Friday, 13 April 2018

Fanfest Keynote 2018: Wut?

OK so as predicted, the Yulai in game happening stopped happening. But to be fair nothing was promised this time around so I will let that one pass. Will it be the end of Luobote's travels for another year? Did Fanfest do anything to rekindle his enthusiasm? It was the Citadel Fanfest that killed it in the first place so there is always the potential for facts in space to change. 

So Fanfest. It is always hard a judge an any public event from a distance. Eve fanfest is a case in point. It is a fan gathering but it is difficult to get the sense of that across the ether. But it is also a platform for CCP to wax lyrical about their product. Usually, that part does come across more clearly to the remote viewer. It is CCP's moment to shine.

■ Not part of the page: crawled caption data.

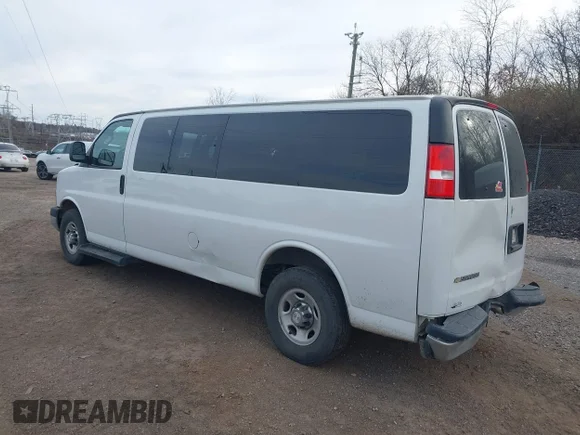 ✅ 2019 Chevrolet Express Passenger LT • VIN: 1GAZGPFG2K1302539 • Lot: 43816318. Wystawiony na IAAI z przebiegiem 186 530 mil. Bezpłatny archiwum sprzedaży aukcyjnych z USA i szczegółowy raport historii pojazdu na DreamBid. Zdjęcie 3.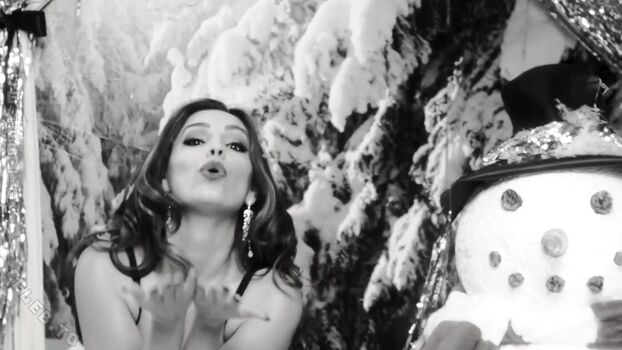 Kelly brook page leaked private photo uncensored HD quality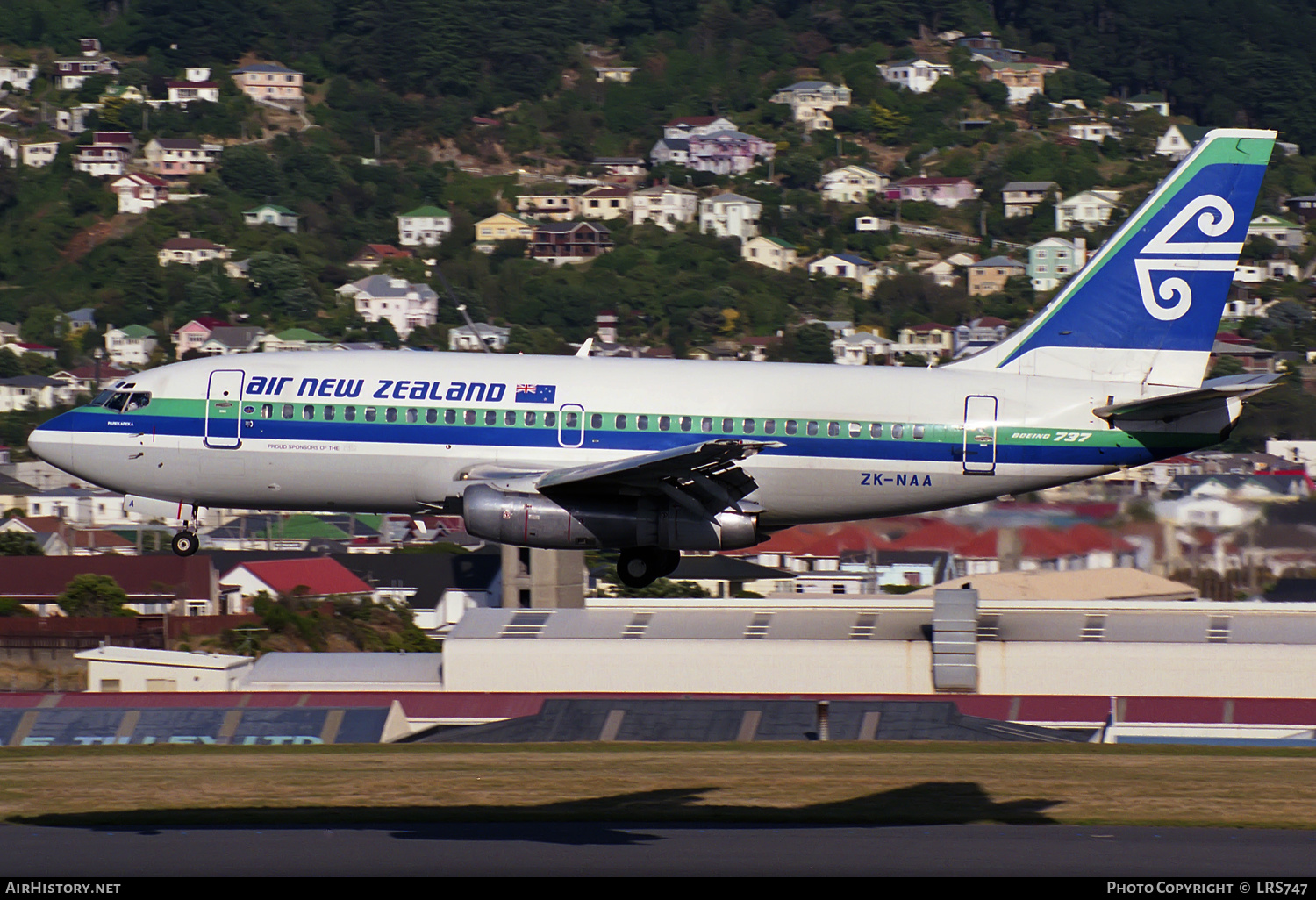 Aircraft Photo of ZK-NAA | Boeing 737-204/Adv | Air New Zealand | AirHistory.net #300431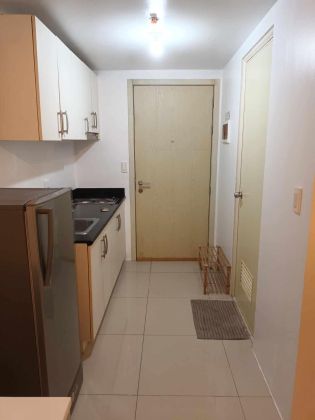 Furnished Studio Unit for Rent at SM Jazz Makati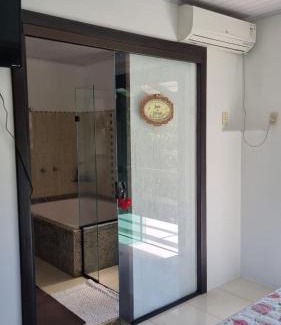 Penha House | Alameda das Palmeiras is your perfect getaway!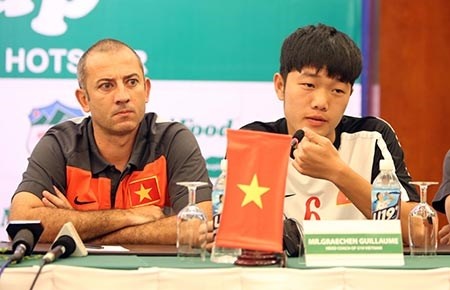 U19 HAGL - Arsenal JMG len da V.League: Ta tam ao ta hinh anh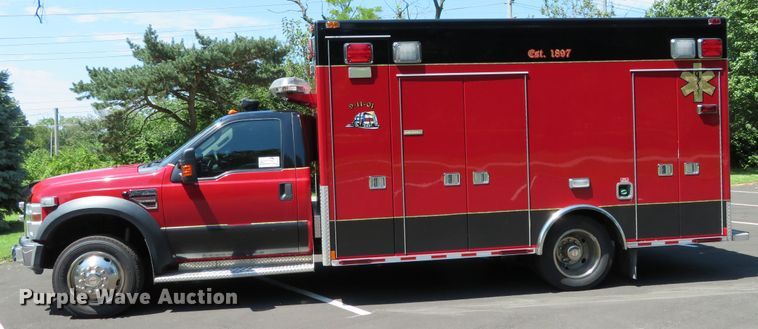 image for item DH1128 2008 Ford F450 Super Duty XLT  ambulance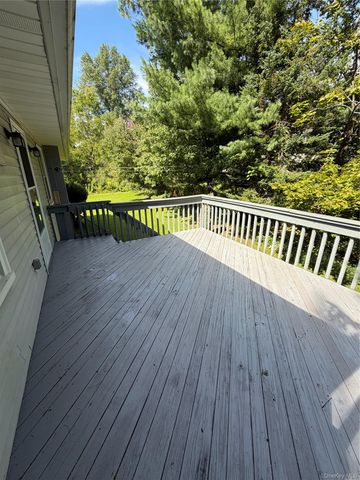 20 Hutchinson Road, Carmel, NY 10512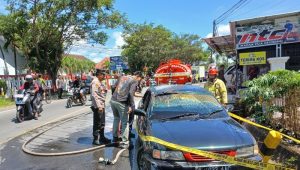 Sedan Terbakar di Jalan Raya Cluring, Diduga Korsleting Listrik: Pengemudi Alami Luka Bakar Ringan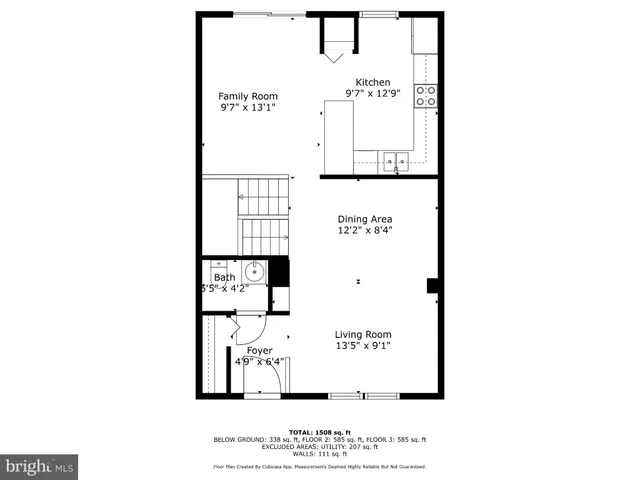an empty room with closet and ceiling fan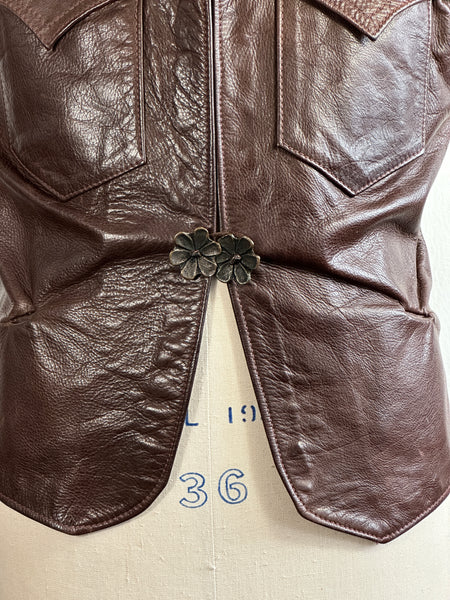 EAST WEST Musical Instruments 70s Mens Leather Vest • Medium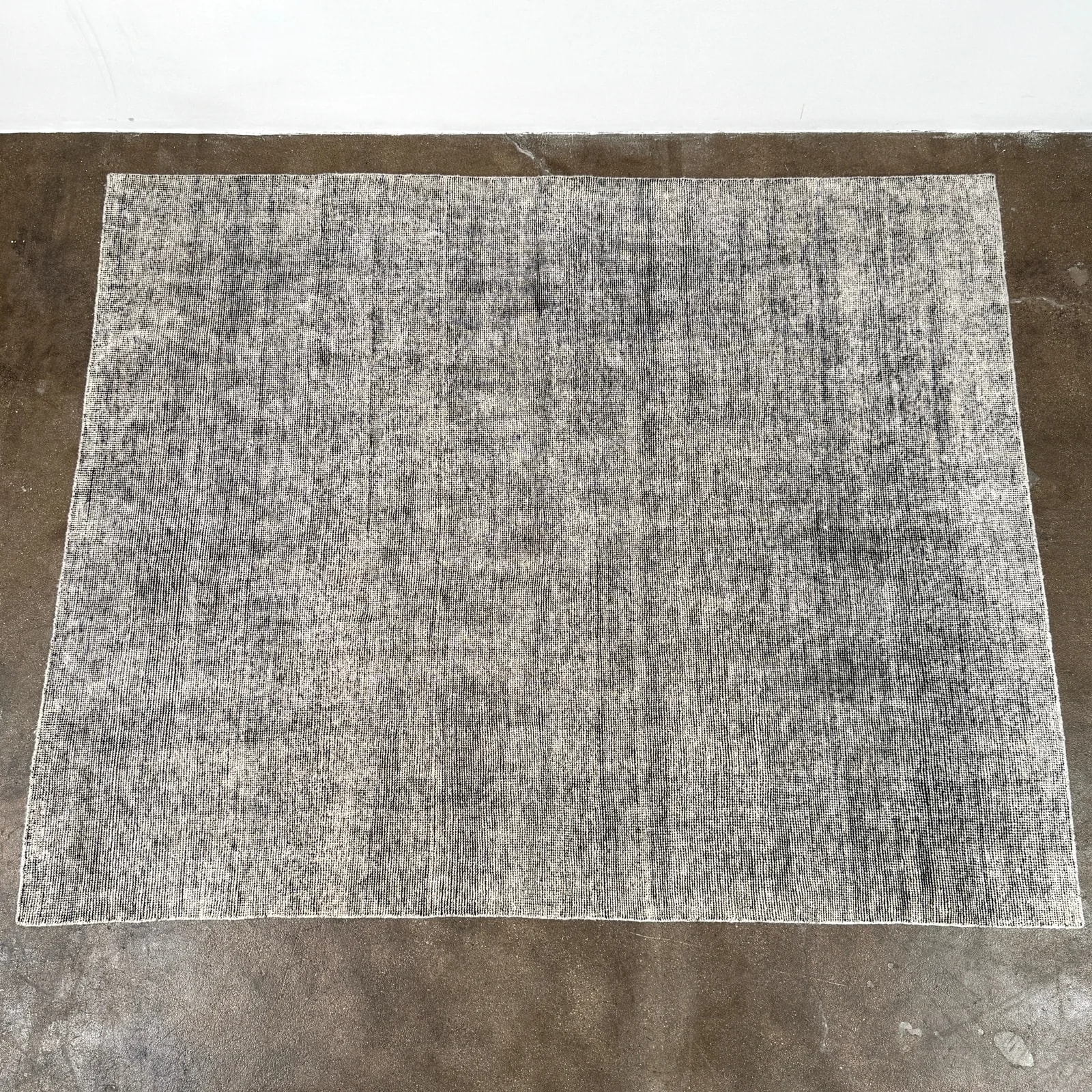 DWR Luna Rug 8'x10' 2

However, this time around CCP seemed conflicted about how to utilise this opportunity. You sense there was a powerpoint slide in some strained middle management meeting late on a Friday that had a list of buttons they felt they had to push. On the following Monday morning after senior management got wind of their efforts there was a corresponding list of things that mustn't be mentioned. The navigation of that rather awkward presentational minefield was what we ended up witnessing in the keynote speech.The subtext seemed to be something like this:

Message: We are 15 years old! Thats cool!
Counter message to avoid: 15 years but just pulled out of the VR market and only have Eve Online as our revenue generator
Message: We are building new games!
Counter message to avoid: Development for these games will be at Eve Online's expense. Again
Message: We are committed to Eve - see new the new deadspace PVE instances and ships and stuff. Not like World of Warcraft honest
Counter message to avoid: ...and we will monetise it in the following way.
 
Perhaps I am exaggerating but the cocktail of positive yet defensive messages didn't really set the juices flowing. There are tweaks or iterations here and there that some will hate/like but this is all small beer. At the strategic level, the routemap has been replaced with 3 pillars. This is progress of a sort as it suggests there are some underlying principles behind their decisions. It's essentially a promise of goodness. It's hard to criticize goodness because badness is bad and unlikely to recover from that reputation. But it is not a vision. Eve will be tangibly better how? Dealing with RMT/bots is (or should be) the day job, not a new feature.

So I am really not sure what to think. My lines in the sand resulting from the Citadel release haven't been challenged but I didn't expect that  to change. But what CCP have in store for Eve isn't clear. Whether that is just down to CCP being untogether about the message or whether that is because they can't decide is perhaps the bigger concern.